Geestelijke lenigheid
Frederik van Eeden las Darwin bij zijn ontbijt. Daarna schreef hij verder
aan zijn dichtwerk 'Het lied van schijn en wezen' waarin de evolutieleer
in verschillende gedaanten opduikt.
Literaire teksten refereren regelmatig aan wetenschappelijk gedachtegoed.
Leonieke Vermeer laat in Geestelijke lenigheid zien wat er gebeurt met begrippen als evolutie, energie, entropie en de vierde dimensie wanneer deze hun wetenschappelijke context verlaten en in een roman, gedicht of filosofische
beschouwing terechtkomen.
De focus ligt hierbij op het werk van twee auteurs die ook op wetenschappelijk
gebied actief waren: Frederik van Eeden (1860-1932) en Felix Ortt (1866-1959).
De auteurs gaven een draai aan wetenschappelijke kennis, waarbij ze deze poogden te verbinden met hun utopische denkbeelden. Hun zoektocht naar een nieuwe, betere wereld is kenmerkend voor de cultuurkritische, maar ook optimistische toon van het Nederlandse fin de siecle. De rol die Van Eeden en Ortt hierbij vervulden, was die van een nieuw maatschappelijk type: de moderne intellectueel die tegelijkertijd onafhankelijk en geengageerd was.
Geestelijke lenigheid beantwoordt aan de toenemende belangstelling voor de
kennisuitwisseling tussen literatuur, wetenschap en cultuur.
Aan de hand van het werk van Ortt en Van Eeden zien we het nomadische karakter van kennis en de mentale acrobatiek die vereist is om kennis in nieuwe
kaders in te passen.
LENIEKE VERMEER is cultuurhistoricus.

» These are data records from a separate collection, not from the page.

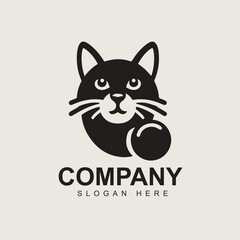 Black cat simple logo design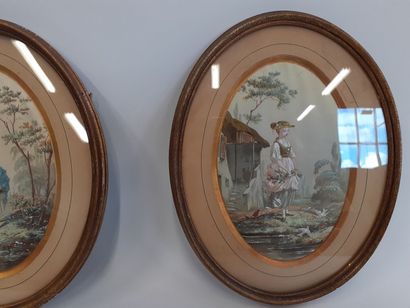 Deux Gouaches vers 1900 dans le goût du 18ème...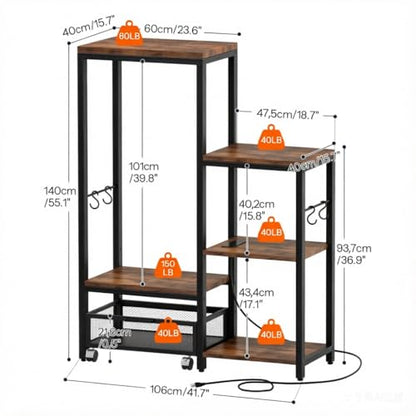 HOOBRO Mini Fridge Stand with Storage, Microwave Stand with Movable Basket, 3-Tiers Coffee Bar Station, Bakers Rack with Power Outlet, for Kitchen, Dorm, Office, Rustic Brown and Black BF38UHB01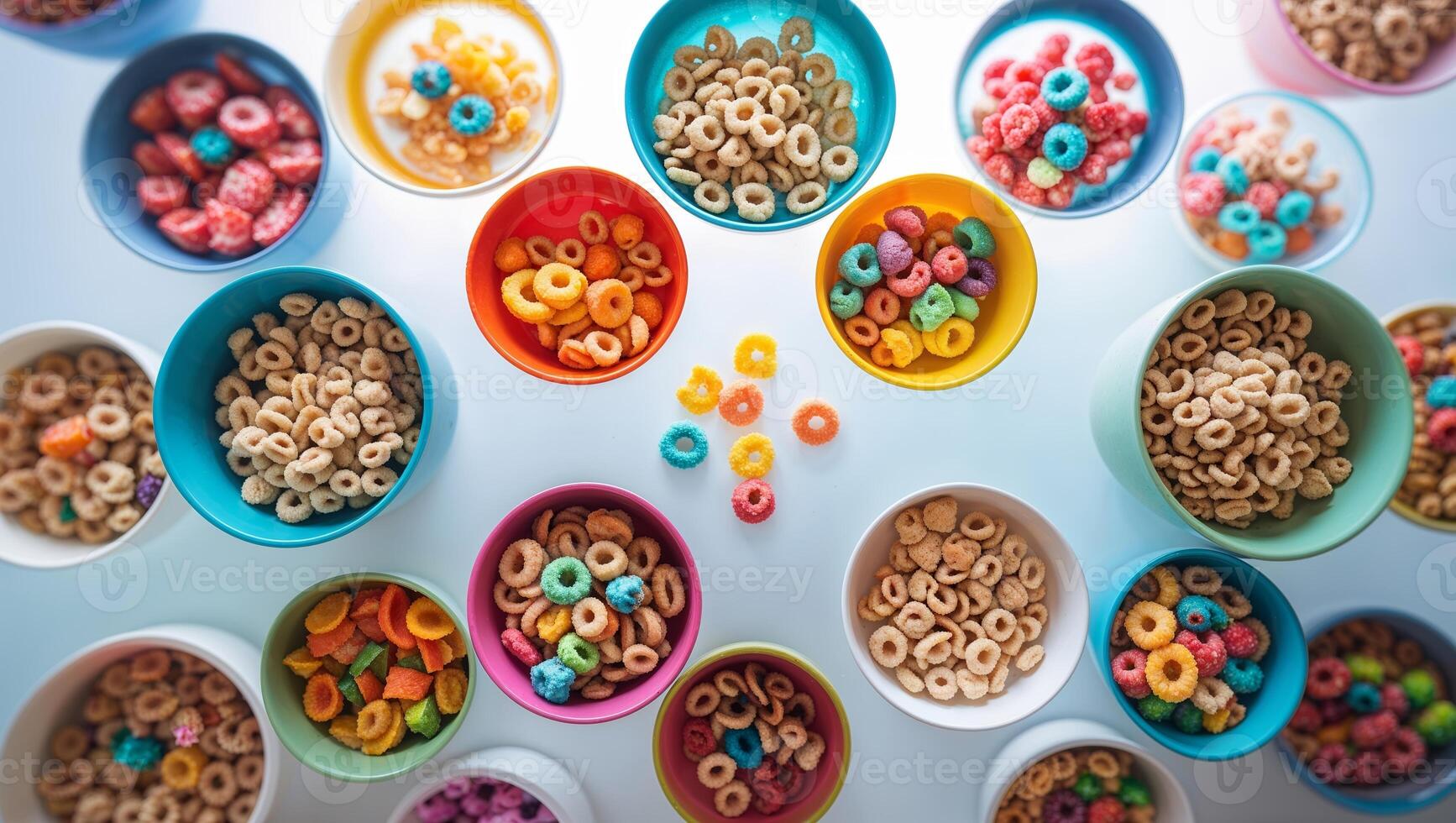 Colorful variety of cereals displayed in bowls for a vibrant breakfast setup on a white table photo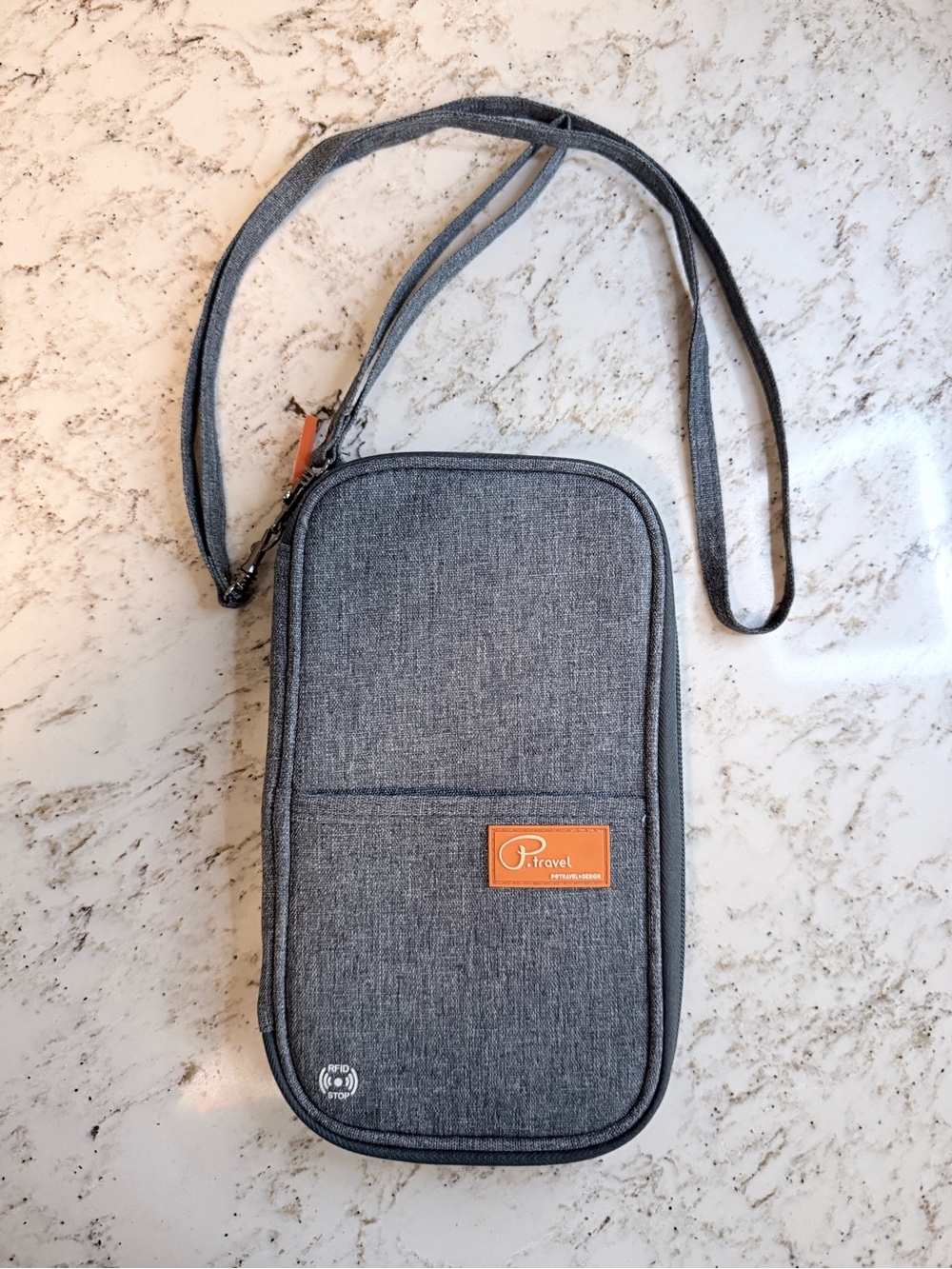 P. Travel Design Wallet Organizer Passport Holder 9x5.25 Zippered Wristlet Gray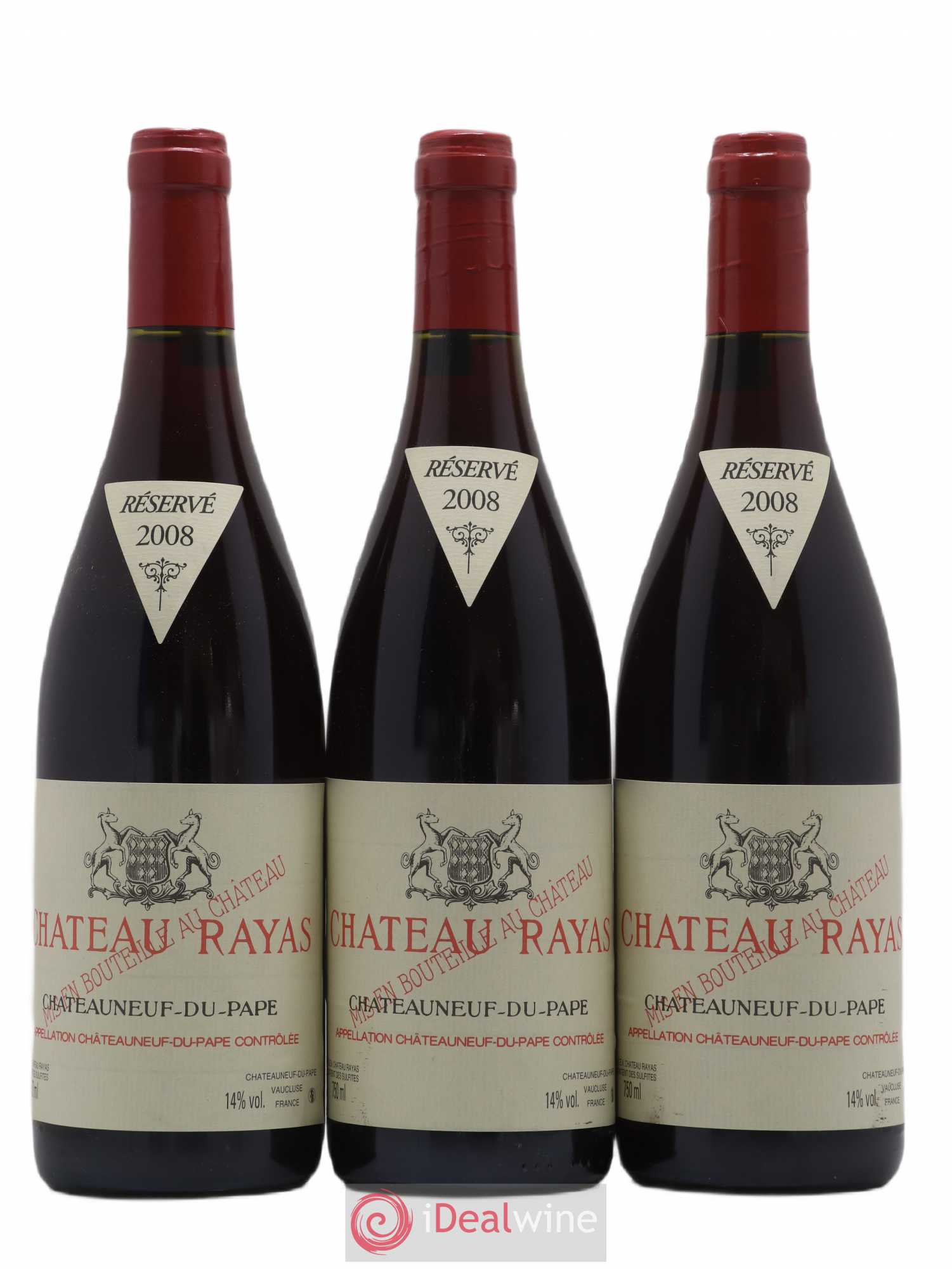 Châteauneuf-du-Pape Château Rayas Emmanuel Reynaud 2008 - Lot de 3 bouteilles - 0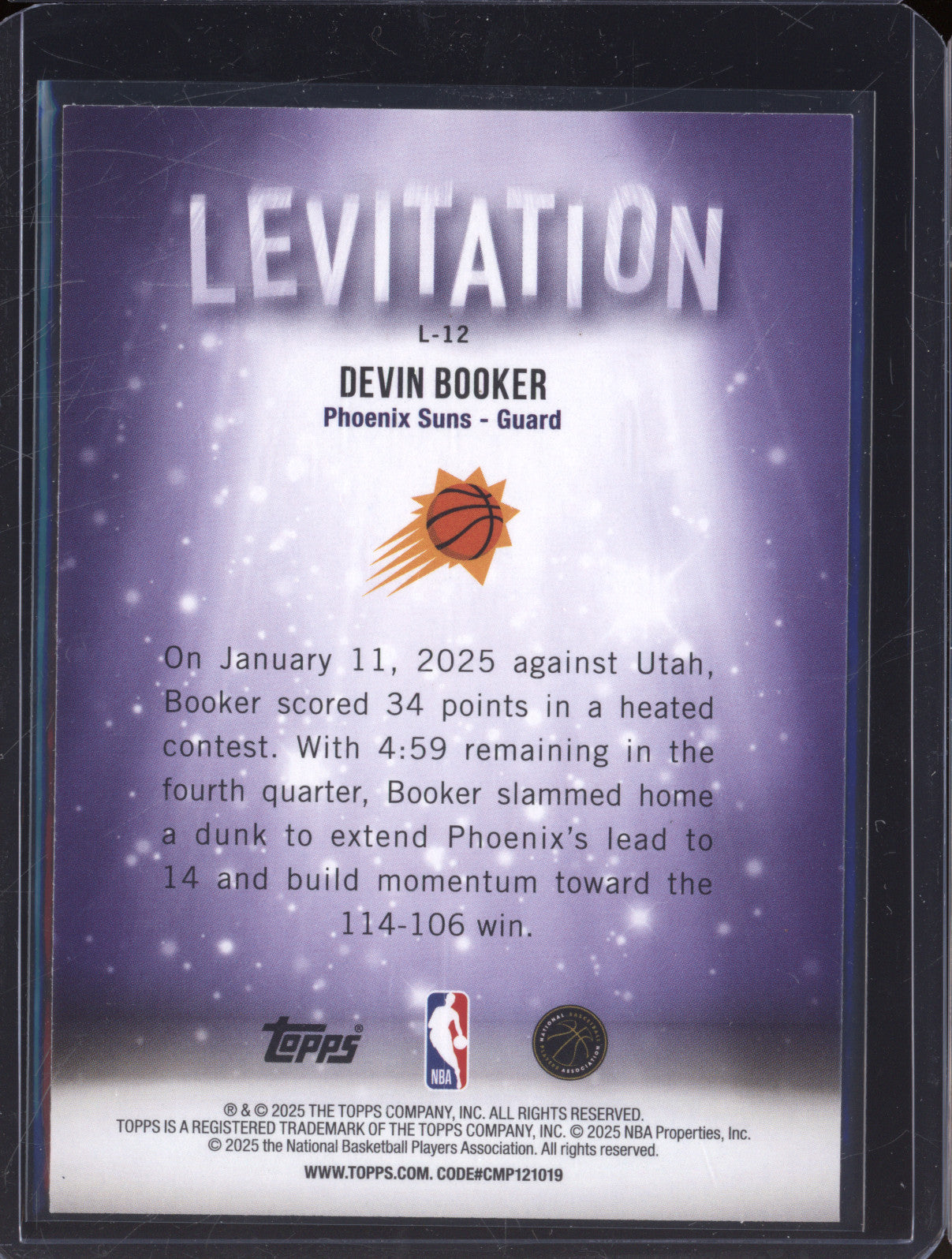 2025 NBA Basketball Topps Levitation L-12 Devin Booker
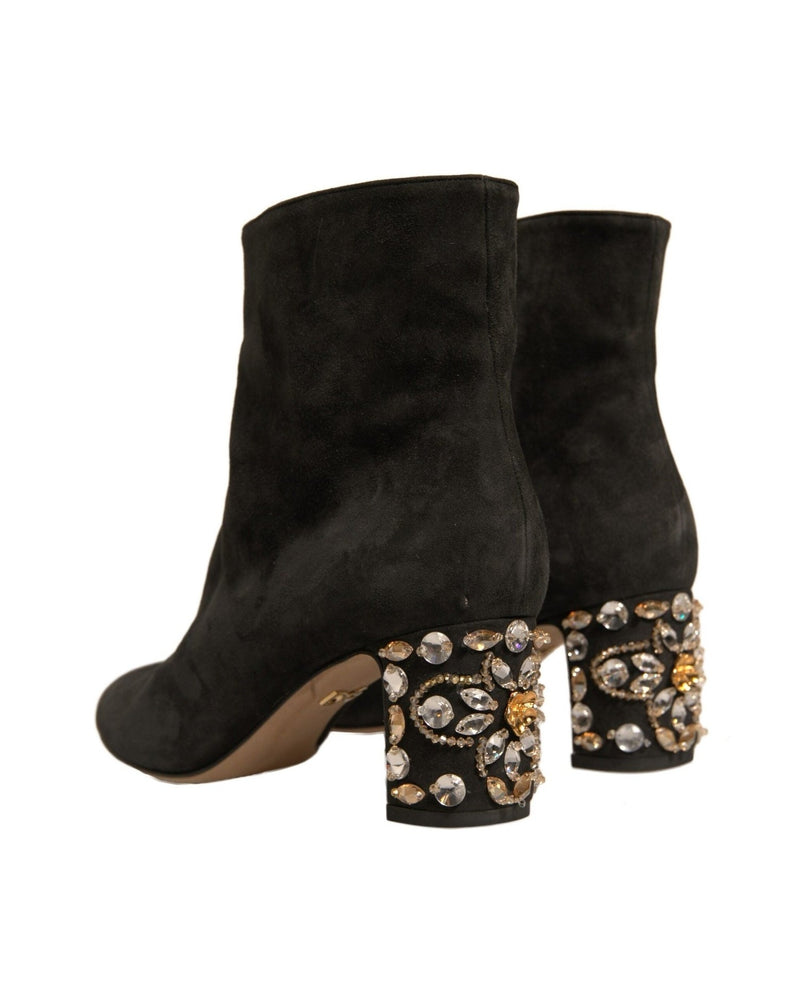 Dolce & Gabbana Black Embellished Heel Ankle Boots Shoes Glam Steals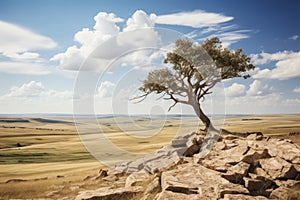 a lone tree on top of a rocky hill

Ze promoveerde aan de Rijksuniversiteit Groningen op een proefschrift over de relatie tussen literatuur en wetenschap rond 1900. Daarna werkte ze als conservator voor het Nationaal Historisch Museum. Ze publiceerde verschillende artikelen over de literatuur en cultuur van het fin de siecle.